==== Data supplied

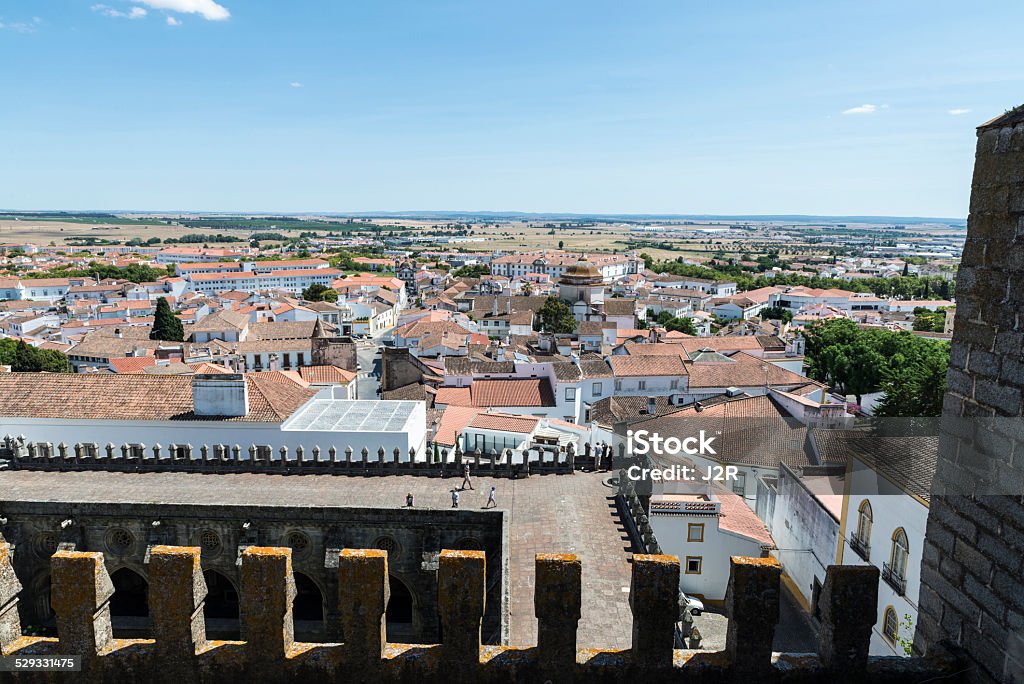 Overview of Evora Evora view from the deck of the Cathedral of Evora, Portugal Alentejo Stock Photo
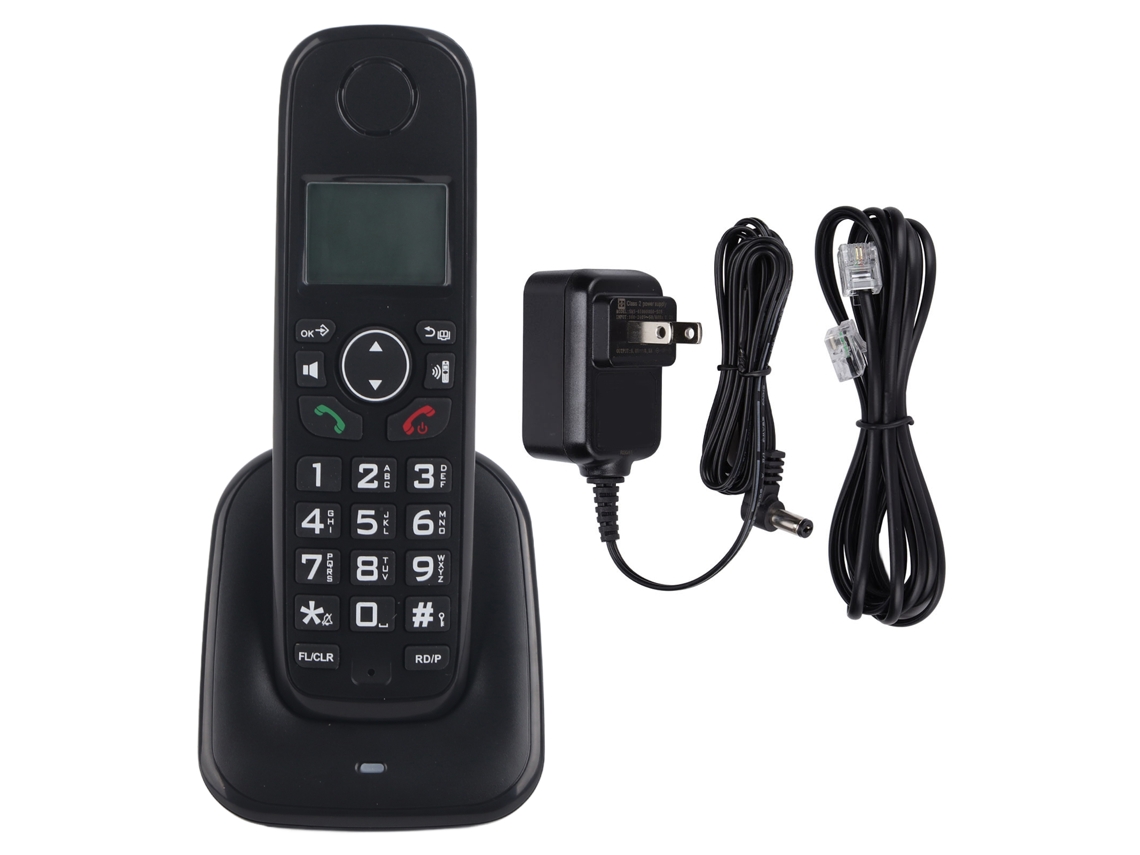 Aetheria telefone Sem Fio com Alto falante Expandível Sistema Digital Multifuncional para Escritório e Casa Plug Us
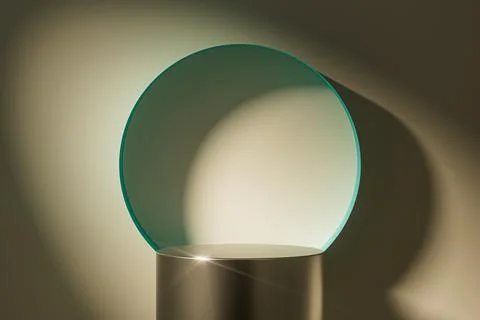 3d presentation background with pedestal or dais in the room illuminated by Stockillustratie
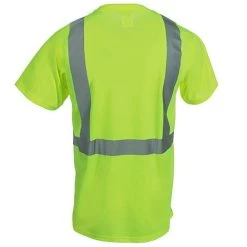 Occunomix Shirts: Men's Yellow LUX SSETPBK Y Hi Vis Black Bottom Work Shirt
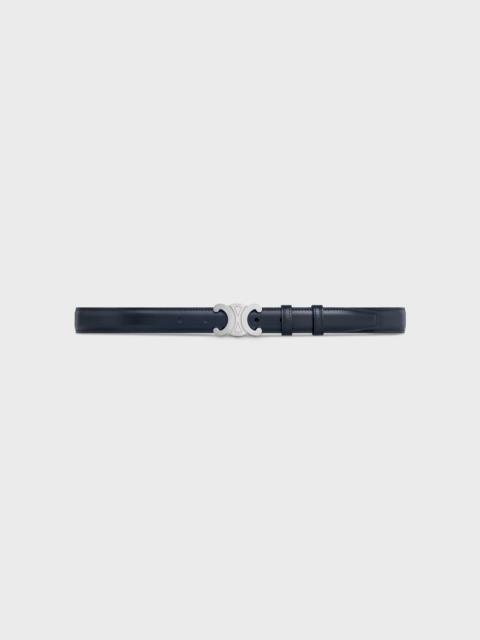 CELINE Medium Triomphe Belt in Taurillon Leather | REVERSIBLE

========
==== Data supplied

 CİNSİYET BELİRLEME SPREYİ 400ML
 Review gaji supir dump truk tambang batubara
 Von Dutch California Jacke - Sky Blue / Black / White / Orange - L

========
==== Data supplied

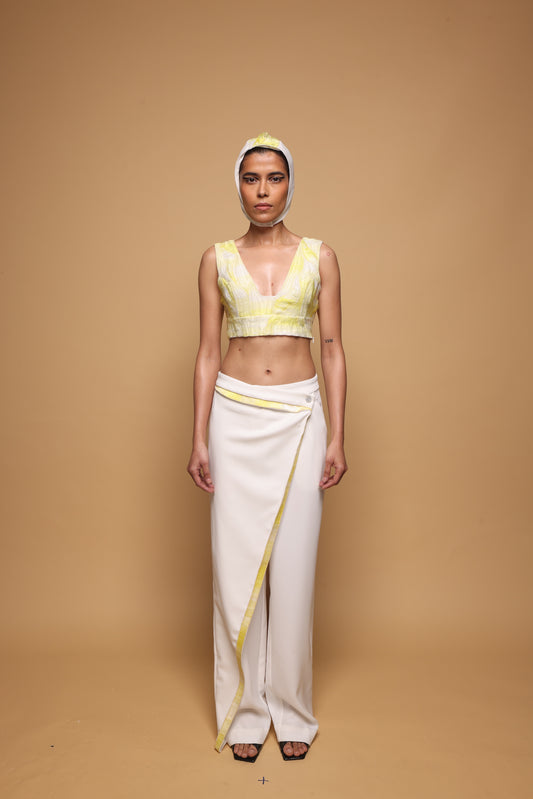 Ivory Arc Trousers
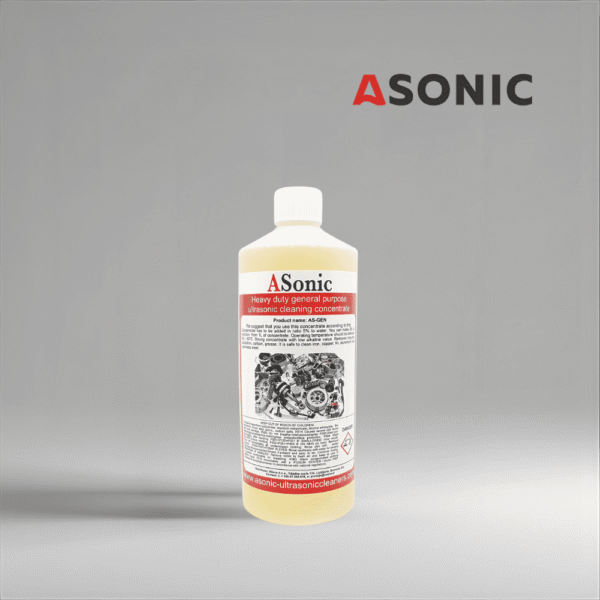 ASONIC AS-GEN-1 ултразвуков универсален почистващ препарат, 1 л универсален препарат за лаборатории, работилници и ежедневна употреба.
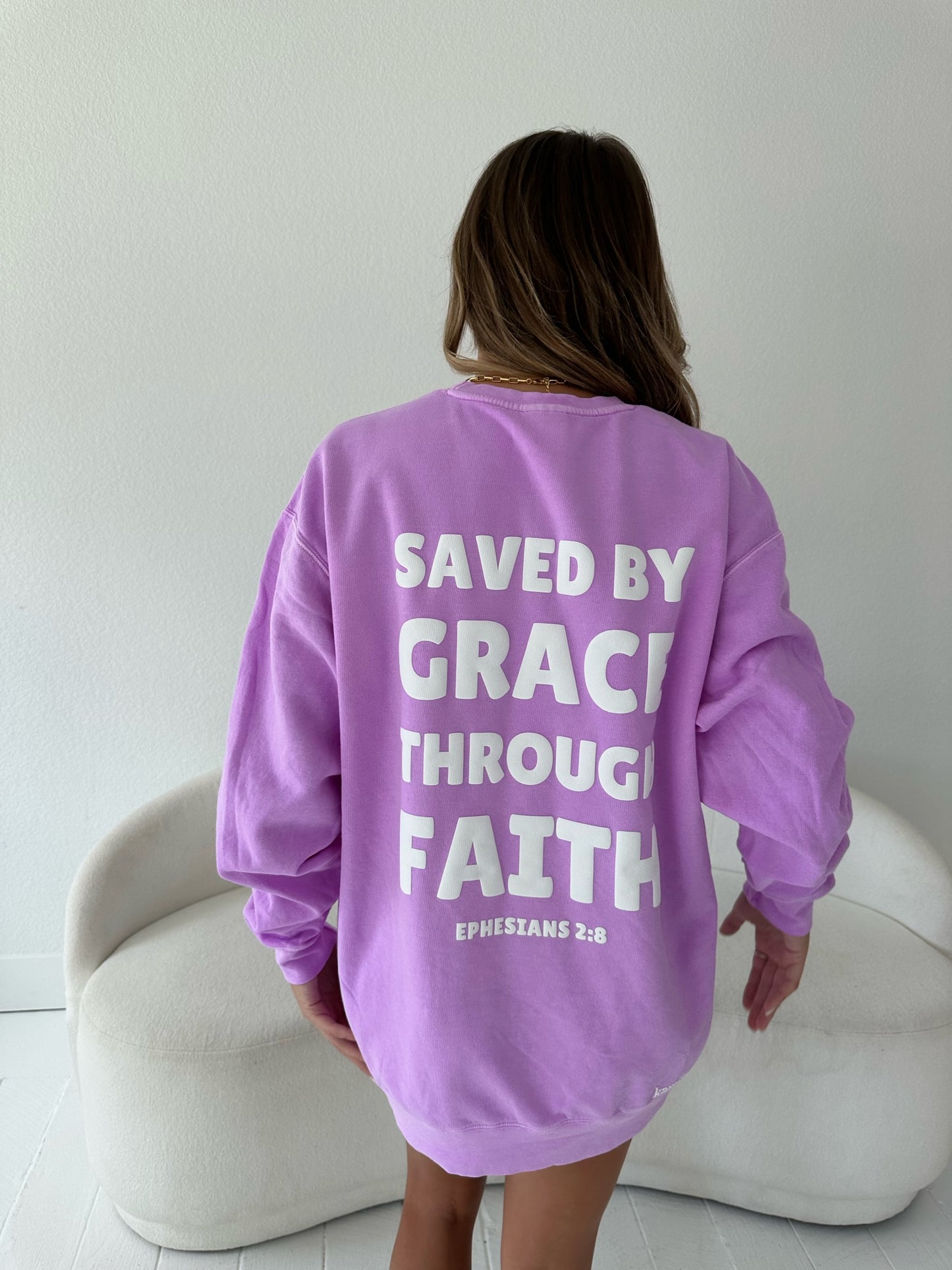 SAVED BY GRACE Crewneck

========

— What the task asks —
Going by the entries above, repeat exactly the lines that start at the line with "Overview of Evora" and go on through the line with "CELINE Medium Triomphe". Pictures are not part of the copy.

— Solution for this task —
 Overview of Evora Evora view from the deck of the Cathedral of Evora, Portugal Alentejo Stock Photo
 Aetheria telefone Sem Fio com Alto falante Expandível Sistema Digital Multifuncional para Escritório e Casa Plug Us
 3d presentation background with pedestal or dais in the room illuminated by Stockillustratie
 Occunomix Shirts: Men's Yellow LUX SSETPBK Y Hi Vis Black Bottom Work Shirt
 CELINE Medium Triomphe Belt in Taurillon Leather | REVERSIBLE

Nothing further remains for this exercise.